No, we’re not talking about buttons, or bringing in BOB. Some of the most impactful small changes can involve testing your value proposition – AKA what makes your users tick? (Trust us, they want to tell you).

Value proposition tests can often entail just a few carefully-selected, yet highly impactful words. Taglines, for example, are great value proposition target area to test.

Are taglines important?

For another client, we created an experiment that added a tagline below their logo.

LIFT Model - Clarity example
Turns out, this logo just needed some clarification.

Again, this might seem like such a microscopic change – a few letters being rearranged like a half-hearted scrabble game – but think again!

After all, the right small changes can create big lift.

In the above test, all we did was isolate the changes of the copy – creating a value proposition that communicated ease for the user.

This was a sitewide test, which means every new visitor was entered into this experiment. The impact was astounding: a 67% increase in completed orders across the entire website!
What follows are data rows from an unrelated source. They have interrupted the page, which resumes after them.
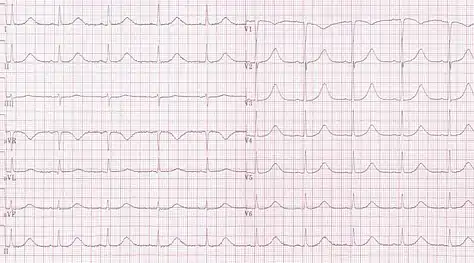 Long QT syndrome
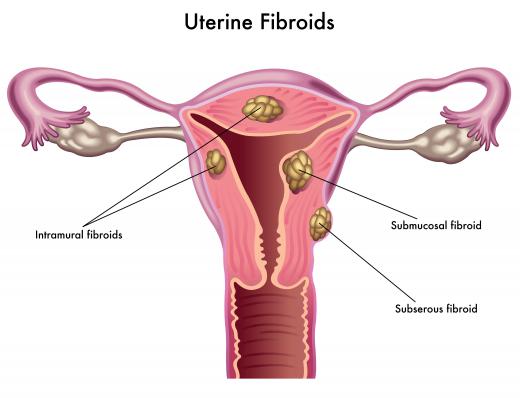 Uterine fibroids are the most common cause of a swollen uterus.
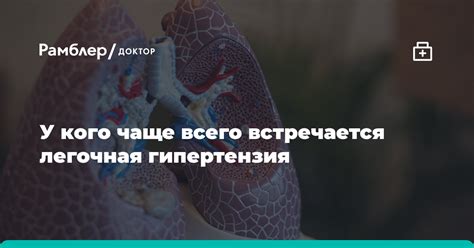 У кого чаще встречается отсутствие фотопароксизмальности?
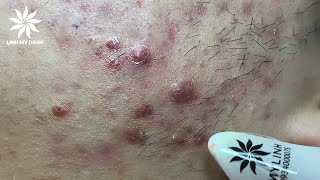 Relaxing Acne Treatment #7 | Inflamed Acnes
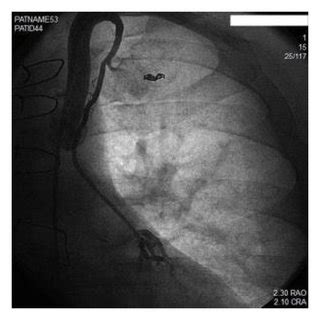 Patent hypoplastic LIMA with large thoracic side branch. | Download Scientific Diagram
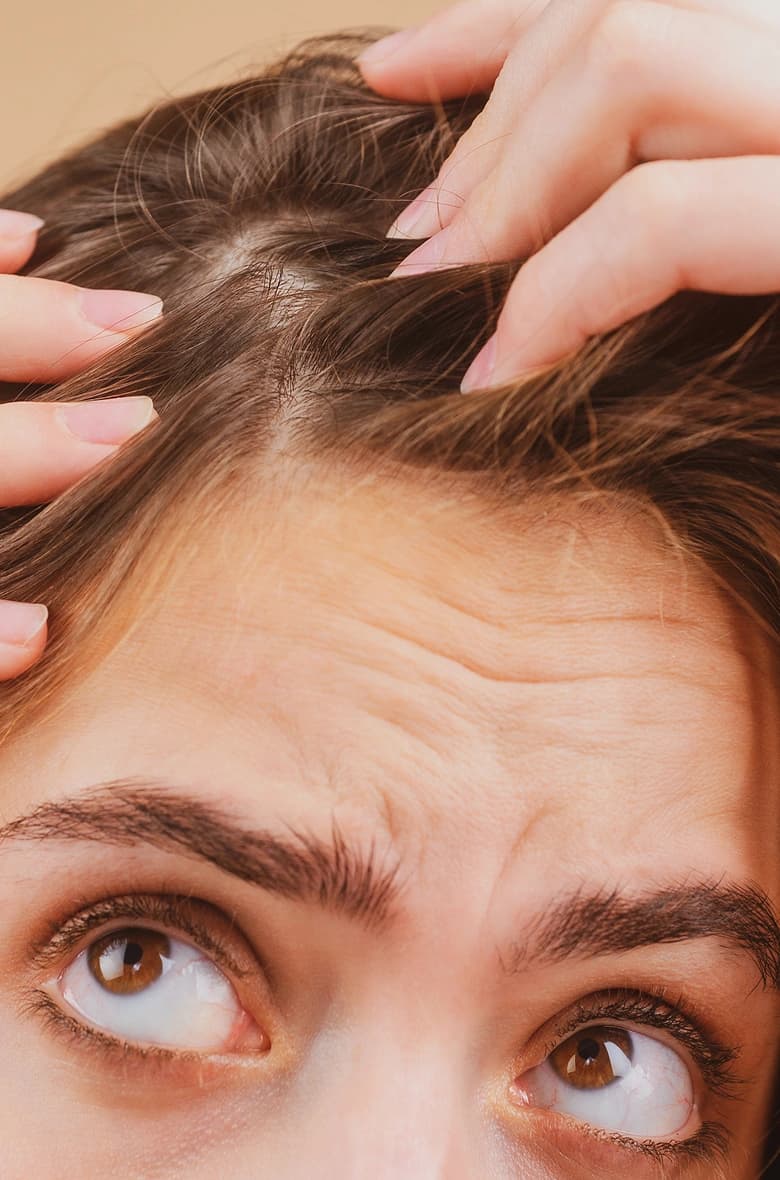 Hair Thinning Treatment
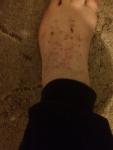 Болезнь на ногах(сыпь) фото 1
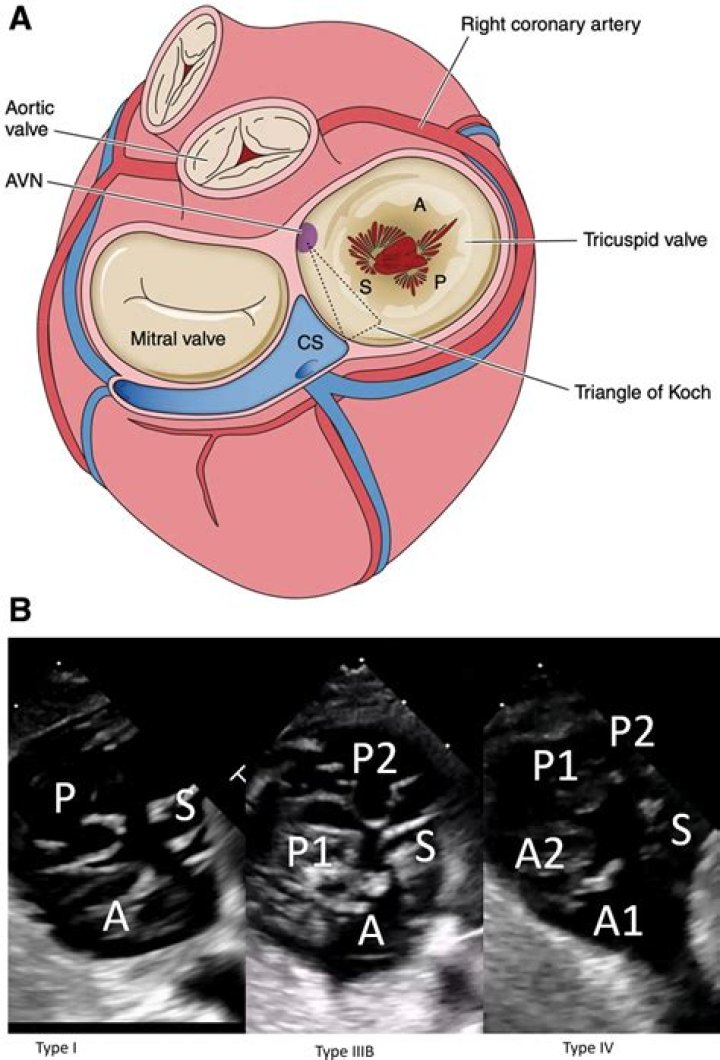 During ventricular filling the tricuspid valve is?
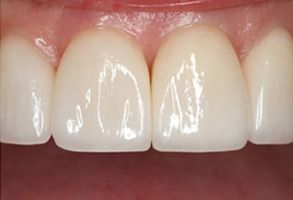 Murphy Dentistry | Crowns  amp  Caps, Implant Dentistry and CBCT
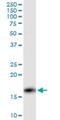 Protein Phosphatase 3 Regulatory Subunit B, Alpha antibody, H00005534-M01, Novus Biologicals, Western Blot image 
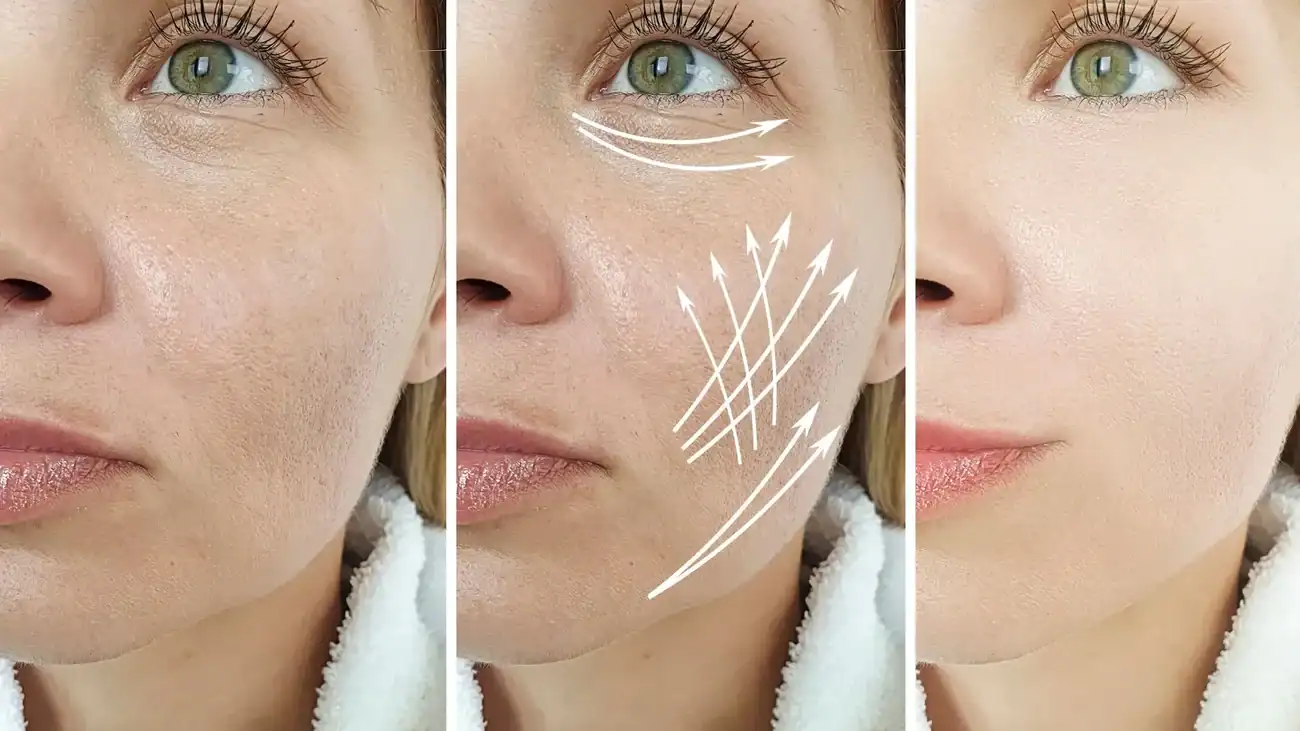 Can One Treatment Really Tackle More Than One Skin Concern Wrexham?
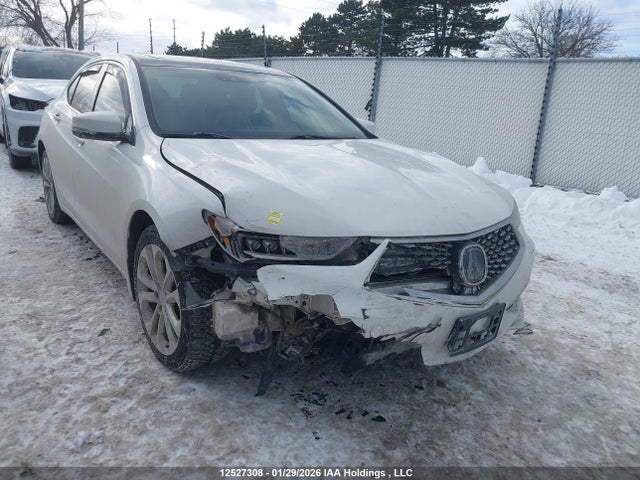 19UUB3F5XJA801175 Acura TLX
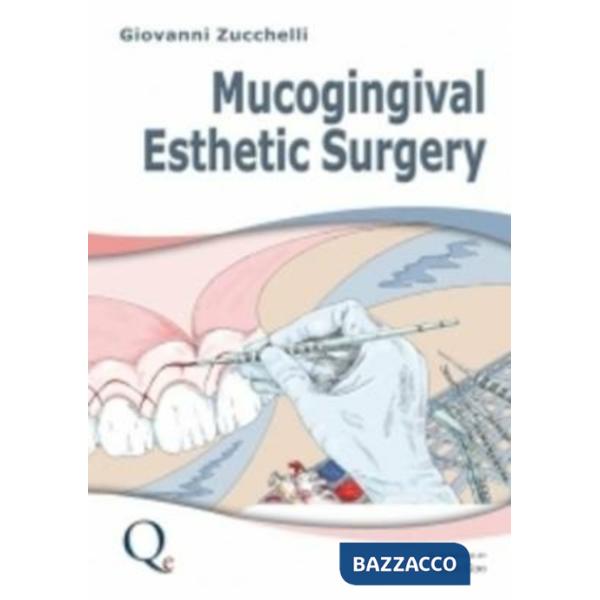 Mucogingival esthetic surgery. Nuova ediz.
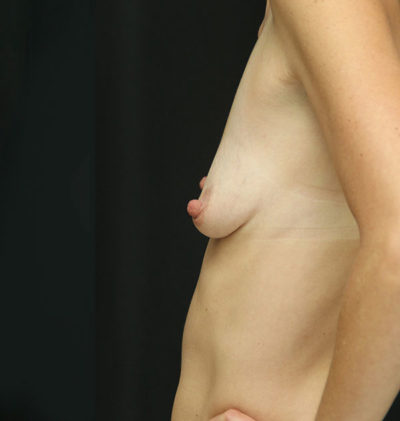 Breast Augmentation - 300cc and under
Now, of course, that’s not a typical result for such a minor change. We believe it was so impactful because of a Clarity problem throughout the website. Our qualitative conversion analysis during the Explore phase of our optimization process had revealed an insight: many visitors weren’t sure what this particular company’s products did.

We hypothesized that adding a tagline to summarize what the company does would lift sales, and it did!

The two examples provided may not be impressive from a design perspective – no fancy overhauls, no methodical UX considerations. But, they both delivered big wins because they were based on great hypotheses.

What about dramatic changes?

This isn’t to say that dramatic redesign A/B tests aren’t also necessary. In many cases, it would be too time-consuming or even impossible to iterate your website or landing page from it’s current point to it’s ultimate potential.

Dramatic redesign tests should be used to create a consistent value proposition approach, to experiment with a new design treatment, or aim for fast and large revenue lift. The crux of the matter is knowing when to use which experimental design.

The art of the Optimization Strategist

This is where the art of the strategy comes into play. A skilled and experienced optimizer must balance the tradeoffs between testing large changes and small changes, taking into account traffic volumes, risk capacity, and the hypothesis pipeline.

A great experimental design will balance the competing variables and, over time, maximize both (a) revenue lift and (b) insights, producing what we call profitable ‘A-ha!’ moments on a regular basis.

What about your tests? Have you seen massive lifts from micro changes?